The Christiaan Huygens Medal is awarded for developments of geophysical data analysis that brought about significant progress in geophysics.
Lev Eppelbaum received the MSc in Geophysics (1982) at the University of Oil and Chemistry in Baku (Azerbaijan) and Ph.D. (1989) at the Institute of Geophysics of the Georgian Acad. of Sci. and Moscow Mining Academy. From 1982 to 1990 he was a Senior Researcher in the All-Union Geophysical Prospecting Institute. During 1991-1993 he was a postdoctoral fellow at the TAU Department of Geophysics, after which he became a Principal Research Associate within the KAMEA program.

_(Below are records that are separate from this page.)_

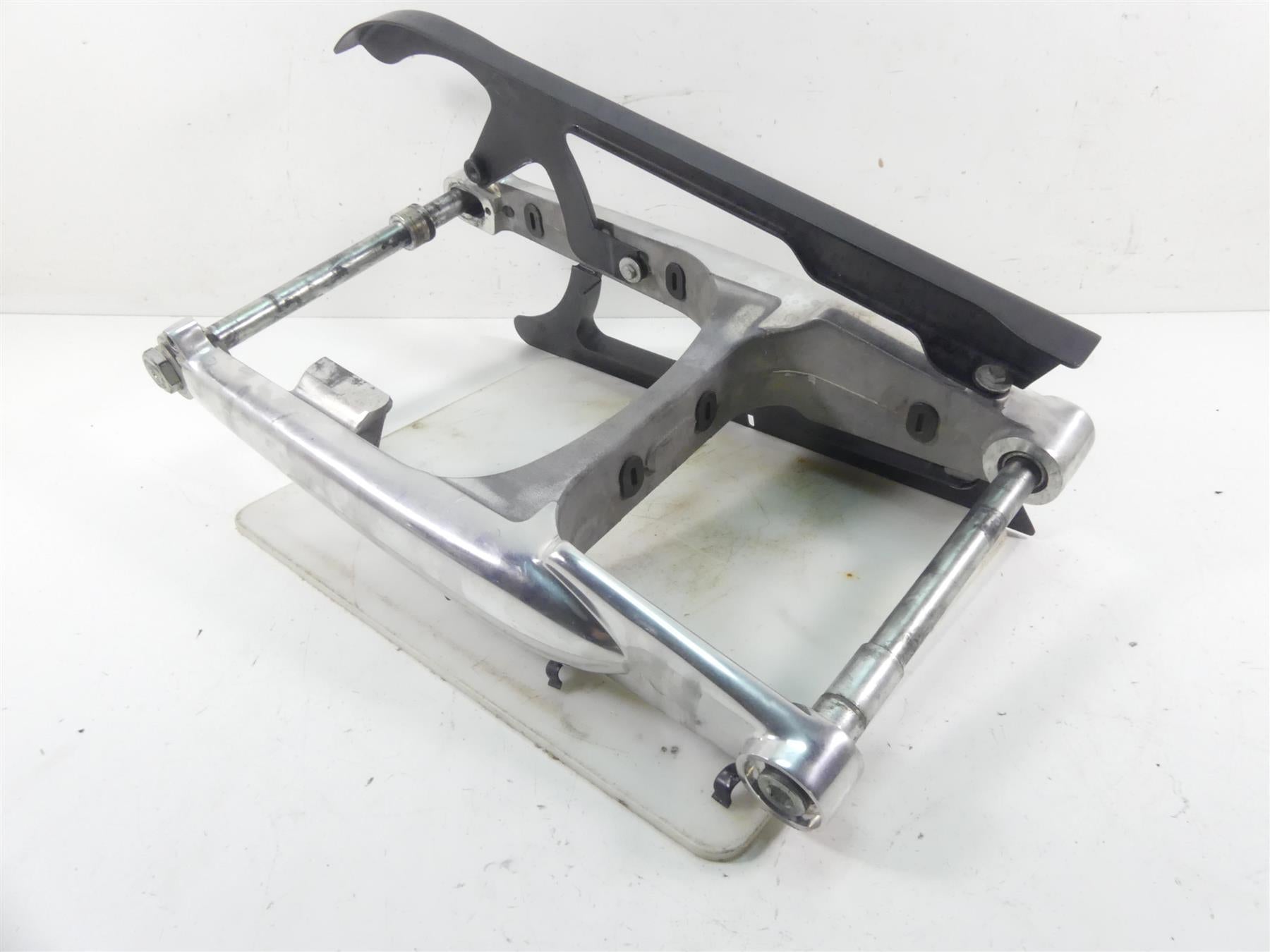 2012 Harley VRSCF Muscle Rod Swingarm Swing Arm + 25mm Axle & Guard 48604-07A | Mototech271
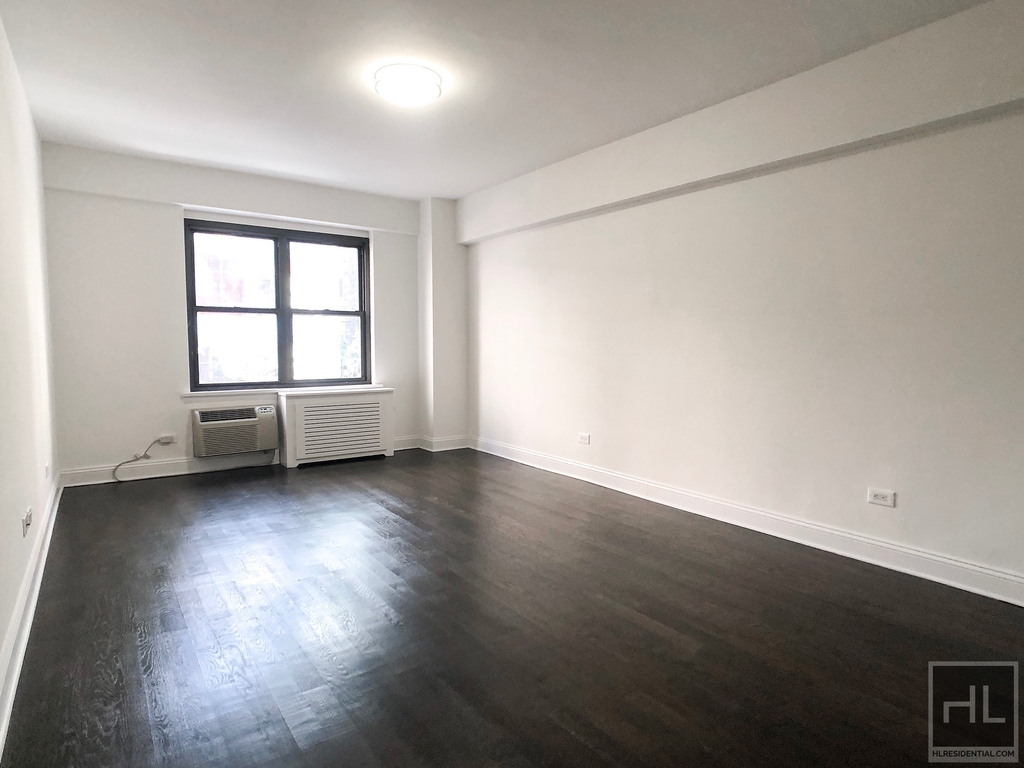 East 57 Street - Photo 0
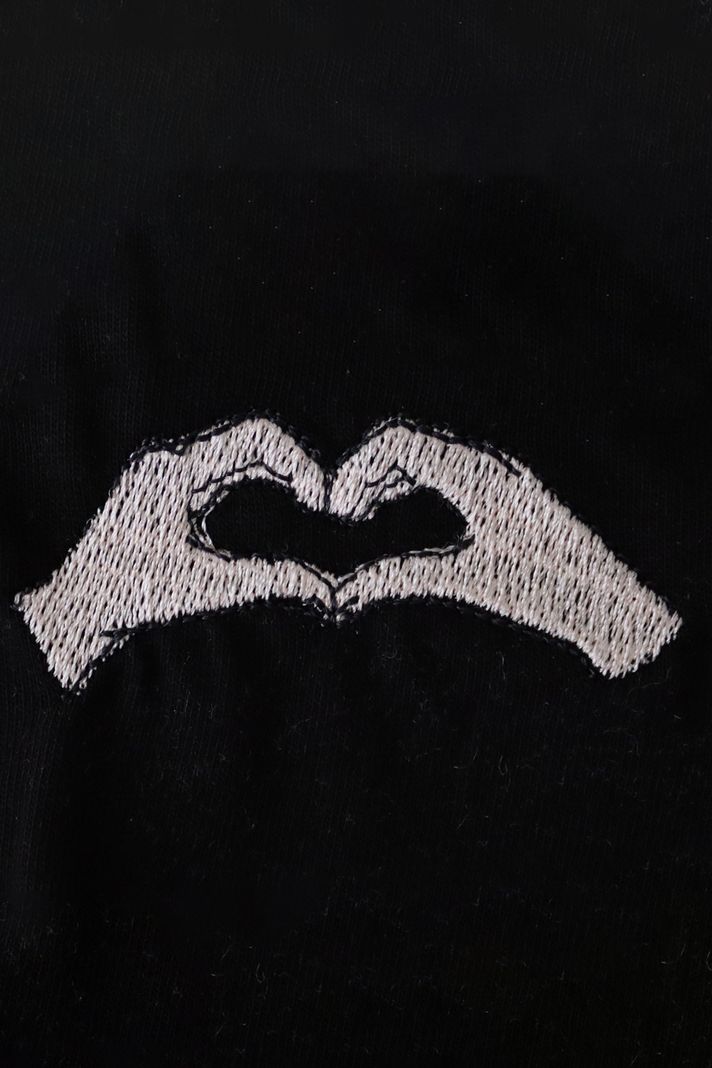 Sol El Kalp Desenli Nakış Siyah T-Shirt - Sevgililer Günü Çift Tişörtleri - 3. görsel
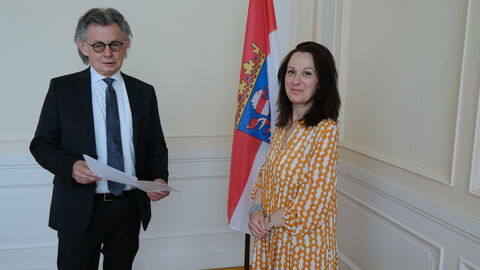 Regierungssprecher Michael Bußer und Beyza Lesch bei der Übergabe der Auszeichnung.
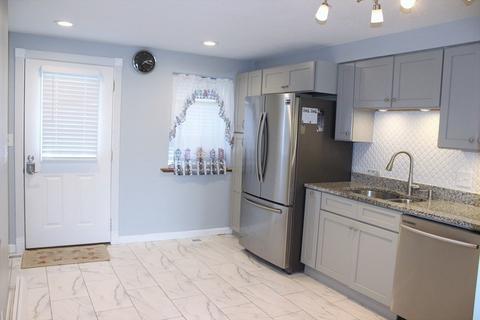 34 Margin St #B, Lynn, MA 01905 photo 3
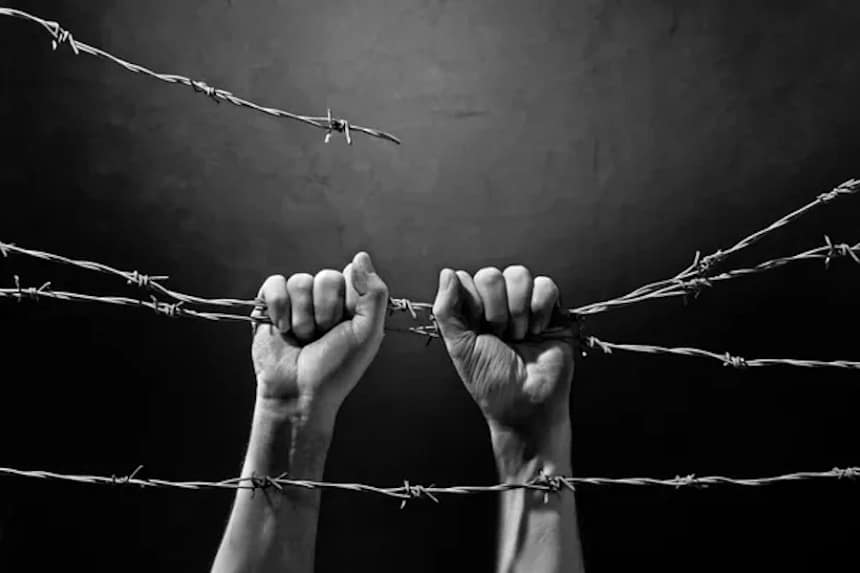 depositphotos_38863775-stock-photo-hand-behind-barbed-wire “Son Doğal İnsan” ya da İnsanlığın Son Acıları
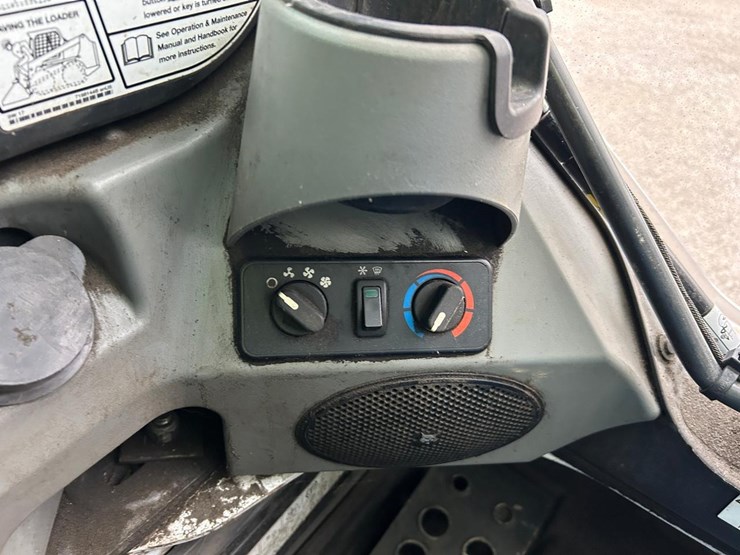 2020-bobcat-t770-image-26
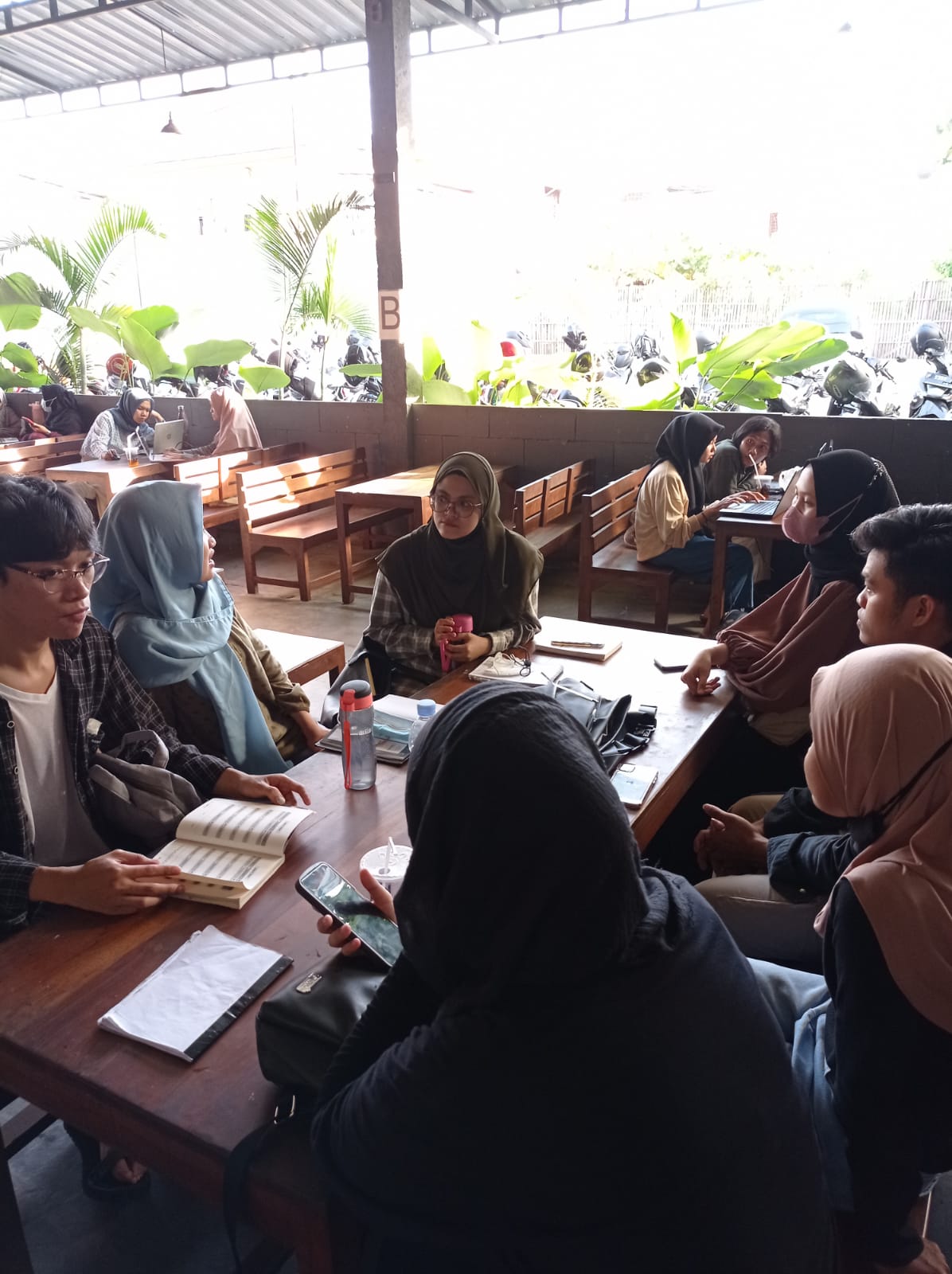 Bimbingan Belajar (Bimbel) Bahasa Inggris Maos Cilacap
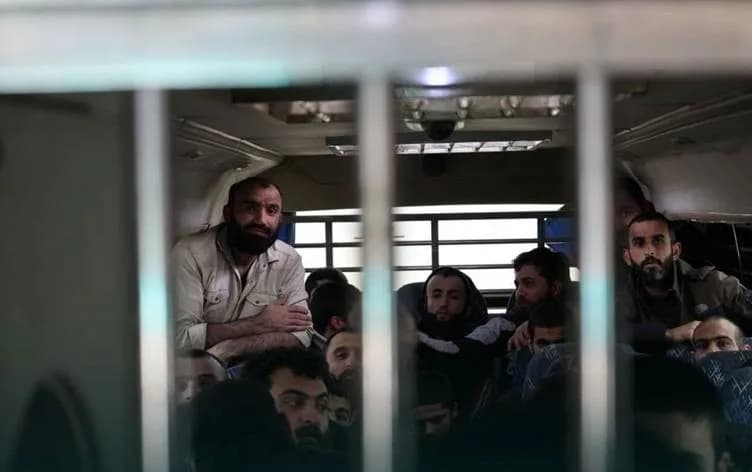 QSD و دیمەشق نزیکەی ٥٠٠ زیندانی ئاڵوگۆڕ دەکەن لە تازەترین هەنگاوی بنیاتنانی متمانە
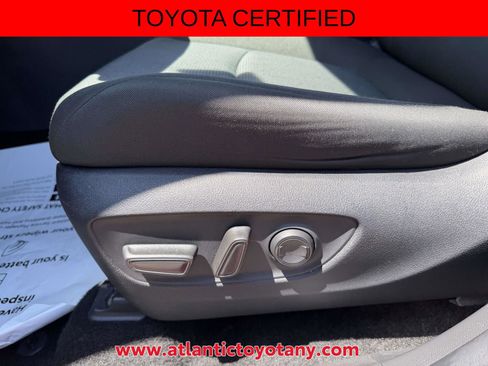 Certified 2025 Toyota RAV4 XLE AWD/4WD image 20
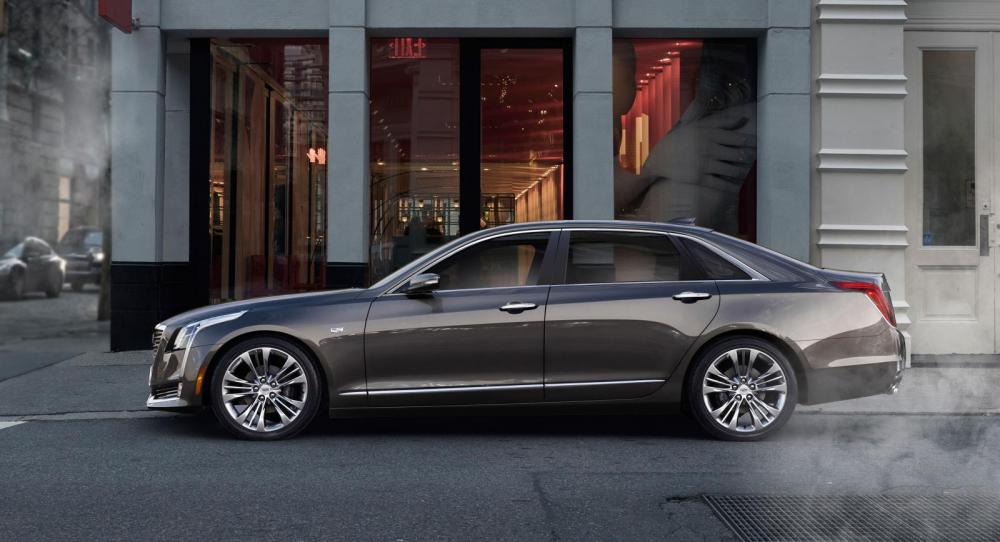 Cadillac CT6 utmanar med lyx och låg vikt.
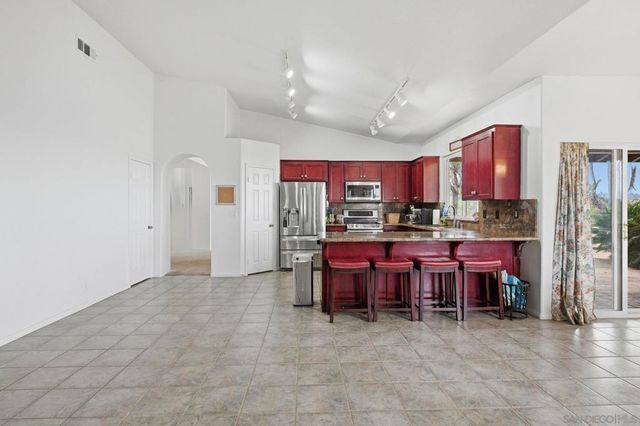 31732 Tracy Lyn Dr, Valley Center, CA 92082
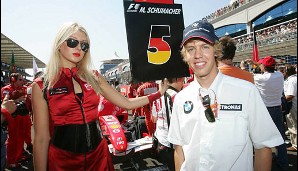 Im Rennen musste er noch zuschauen, aber immerhin durfte er in die Startaufstellung und sich vor dem Auto seines Idols Michael Schumacher ablichten lassen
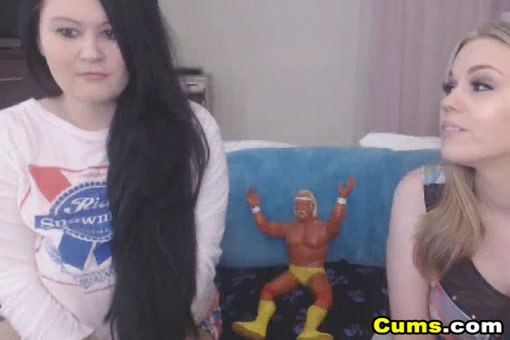 Dos chicas calientes tetonas juegan con sus coños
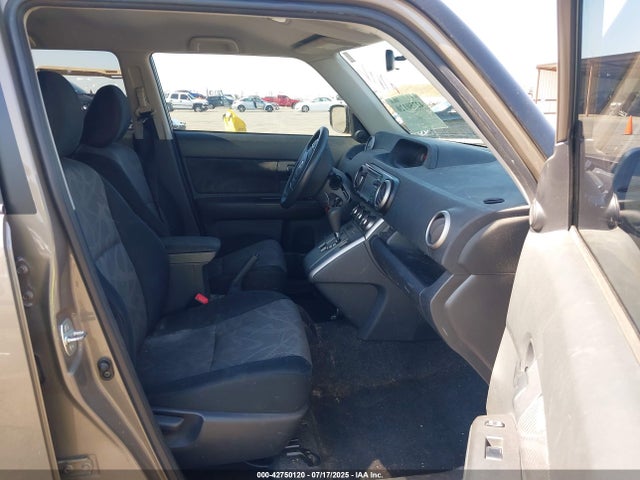 Scion 2az-fe 2014 JTLZE4FE1EJ057557 Image 5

Lev Eppelbaum authored more than 360 publications including 9 books and 155 peer-reviewed papers; numbers of downloading (reading) of his publications from the ResearchGate reached 65,365 (on 20.10.2018). His main innovative contributions relate to magnetic, thermal and gravity data processing and interpretation in complex environments: inclined magnetization (polarization), rugged terrain relief and complex media and other kinds of noise. These methodologies have been successfully adapted to the VLF method, self-potential, induced polarization, piezoelectric and resistivity fields. The developed methodologies were successfully applied in archaeological and environmental geophysics, geological-geophysical mapping, studying deep structure (for instance, Lev Eppelbaum is an author of first maps of the Moho and Curie discontinuities of Israel), etc.
The figure shows the entropy transformation of the satellite derived gravity joined with tectonic analysis.
Tectonic analysis of satellite gravity data. White numbers show the tectonic terranes (after Eppelbaum and Katz, 2015).